▸ Source data:
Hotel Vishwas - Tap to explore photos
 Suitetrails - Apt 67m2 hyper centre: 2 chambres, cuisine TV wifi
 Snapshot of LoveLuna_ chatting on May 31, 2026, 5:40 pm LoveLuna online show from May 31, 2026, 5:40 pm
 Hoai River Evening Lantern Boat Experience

▸ Exercise goal:
Return the whole listing, word for word.

▸ Answer section:
Hotel Vishwas - Tap to explore photos
 Suitetrails - Apt 67m2 hyper centre: 2 chambres, cuisine TV wifi
 Snapshot of LoveLuna_ chatting on May 31, 2026, 5:40 pm LoveLuna online show from May 31, 2026, 5:40 pm
 Hoai River Evening Lantern Boat Experience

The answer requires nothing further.